Nottinghamshire's Deputy Police and Crime Commissioner (DPPC) Emma Foody explained: "I'm delighted that Nottinghamshire has become the first force in the country to appoint a dog theft lead.
"There is growing alarm - both locally and nationally - over the threat of dog theft. This has been fuelled by a number of distressing incidents which have eroded public confidence.
"I'm incredibly grateful for the support of Guide Dogs for the Blind in helping us highlight how serious this issue is. I'm keen to work with other organisations to do whatever we can to prevent dog theft in the future and disrupt the lucrative market that has emerged during the national lockdowns.
"As a dog owner myself, I know just how worrying this issue is, and I'm determined to fight for tougher penalties for those involved in this despicable crime."
Last month, home secretary Priti Patel explained she was looking at tougher measures for pet thefts.
In October last year, the issue of making pet theft a specific offence was debated by MPs, after 300,000 people signed a petition. The calls for change come after the Kennel Club revealed less than five per cent of cases result in a criminal conviction.
Nottinghamshire's Chief Constable Craig Guildford said the appointment of a dedicated dog theft lead showed the force took the issue seriously.
"Firstly, it's important to reassure local residents that we have not seen a significant spike in dog theft in Nottinghamshire," he said.
"However, we obviously want to keep it that way, and give our dog owners confidence that we are taking the matter seriously.
"That's why I felt it was important to have a senior officer to lead on this. We want to prevent dogs being stolen in the first place, with the heartbreaking stress and trauma this causes the owners, and will be working hard to spread those messages.
"Secondly I want to send a clear message to those who seek to carry out this cold-hearted crime that it will not be tolerated. It is taken very seriously and we will come after you."
Meanwhile, Tim Stafford, director of canine affairs at Guide Dogs, added: "Stealing a dog is not the same as stealing someone's television, despite the law seeing it this way. The theft of a dog is much more like the loss of a loved family member.
"What's more, blind and visually impaired people rely on their guide dogs for their independence and wellbeing.
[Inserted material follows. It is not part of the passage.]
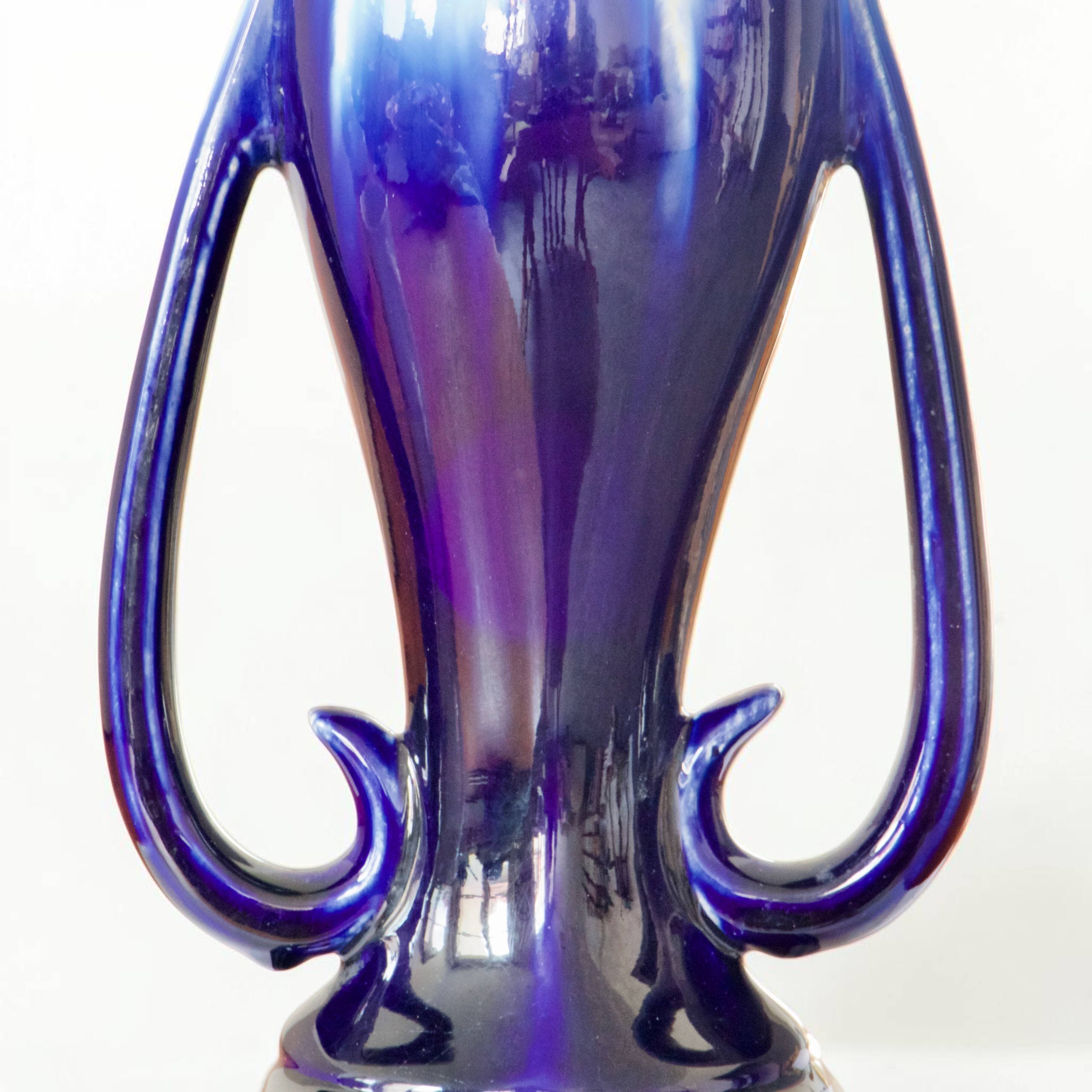 Large Art Nouveau vase by Thulin in glazed flame stoneware.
A huge investment of love, time and money over many years has gone into creating each of our incredible guide dog partnerships.
"This year, for the first time, we have been informed of a couple of incidents when someone has attempted to take a guide dog from its owner.
"While such incidents are very rare in relation to how many guide dog partnerships our charity supports, we are concerned about how fearful our guide dog owners are of being a potential target at the moment.
"The law needs to change to stop dog theft from being a low-risk, high-reward crime, and better reflect how people value their dogs."
This is certainly a step in the right direction!